Mika is exactly right, the media is not making this story up. They are being fed this story from people inside the White House. Mr. Bannon has rushed into the power vacuum telling allies that he and Miller only have a brief window in which to push their agenda. That is being pushed, I don't know if it's Miller, I don't know if it's Bannon, but you look at the stories that keep coming out and, again, the stories swirling from inside the White House is, that Steve Bannon is the brains behind the operation. He’s the person that’s been pushing the union strategy. He's the person who’s been pushing all of the other strate-- He certainly did, though, Elise is right, he certainly did push, along with Steven Miller, the executive order that was rushed that was chaotic.
The inferences that Steve Bannon is actually in charge continued for the rest of the segment. Mark Halperin, political analyst, suggested that there is still uncertainty of the roles each person is playing in the White House and because Bannon has “put himself in physical proximity of the President, he is able to get so much done and is getting so much attention.”
Here is the full transcript of the February 6 exchange:
MSNBC's Morning Joe
February 6, 2017
7:05 a.m. Eastern
MIKA BRZEZINSKI: President Trump says, he’s instructed Homeland Security to check people coming into the U.S., quote, very carefully after a federal appeals court declined to immediately reinstate his executive order on immigration. The travel restrictions affecting people from seven countries have been on hold ever since Friday night, when Seattle Federal Judge, James Robart halted the order. The George W. Bush appointee was ruling on a lawsuit brought by the states of Washington and Minnesota. Robart wrote, in his seven page ruling, that the executive order, quote, adversely affects the states' residents in areas of employment, education, business, family relations and freedom to travel. The State Department complied with Judge Robart's ruling reversing Visa cancellations. And the Department of Homeland Security suspended all actions related to the order. Just after midnight on Saturday, the Department of Justice filed an appeal, asking that the courts lift the order immediately, arguing that congress gave the President, and not the courts, the authority to control who comes into the country. The appeals court declined in a quick ruling. Instead, demanding a more legal brief from both sides. This morning, lawyers for Washington State and Minnesota, have told a federal appellate court there’s a risk of, quote, unleashing chaos again, if the ruling were reversed in effect, lifting the ban. Joe, I'm going to ask you if – he’ll prevail but here we go. Donald Trump tweeting this morning, any negative polls or fake news. Just like the CNN, ABC, NBC polls in the election. Sorry. People want border security and extreme vetting.

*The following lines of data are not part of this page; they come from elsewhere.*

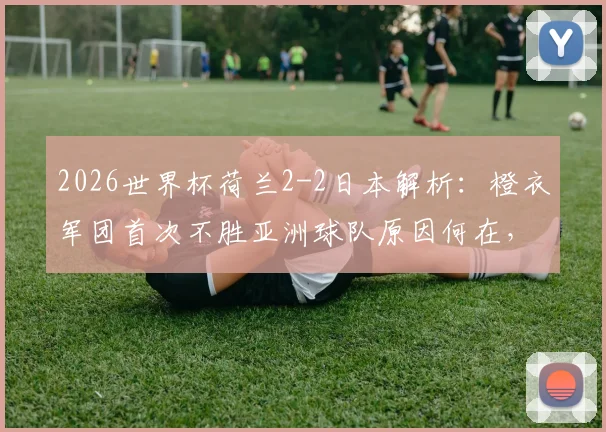 2026世界杯荷兰2-2日本解析：橙衣军团首次不胜亚洲球队原因何在，回顾荷日历史交锋与战术细节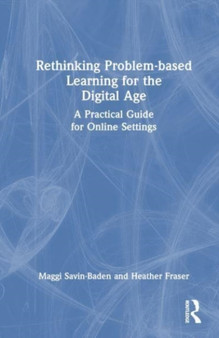 Rethinking Problem-based Learning for the Digital Age : A Practical Guide for Online Settings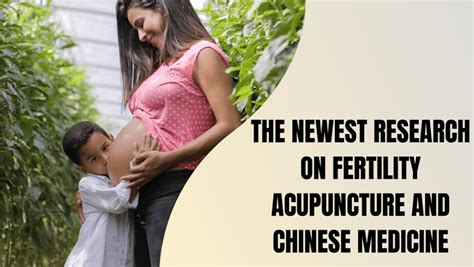 Newest Research On Fertility Acupuncture And Chinese Medicine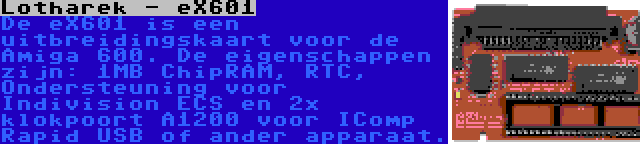 Lotharek - eX601 | De eX601 is een uitbreidingskaart voor de Amiga 600. De eigenschappen zijn: 1MB ChipRAM, RTC, Ondersteuning voor Indivision ECS en 2x klokpoort A1200 voor IComp Rapid USB of ander apparaat.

JOE SCARBOROUGH: Okay. So your question was what?
MIKA BRZEZINSKI: Will the ban last?
JOE SCARBOROUGH: Well, it's hard to say. Obviously, very concerned about the so-called judge comment. But if you want to just look at the actual facts before us and before these judges, the legal standard is very high for judges to overturn– the President of the United States. And the courts have always shown remarkable deference. The-- greatest deference to Presidents on issues of border security and issues of national security. So, on the merits, I can't really predict how a 4-4 court is going to go. But I suspect ultimately, after they get it out of the ninth circuit, which is the most liberal circuit, and it goes to the Supreme Court of the United States, I'm not so sure Trump won't win that 5-3, only because, again, a remarkable difference always has been shown and always will be shown to a President on securing the borders. The judge listed a lot of items that-- obviously, are items of concern, but by legal standards, they probably won't rise up to the authority that the President has to have the deference to make these sort of decisions.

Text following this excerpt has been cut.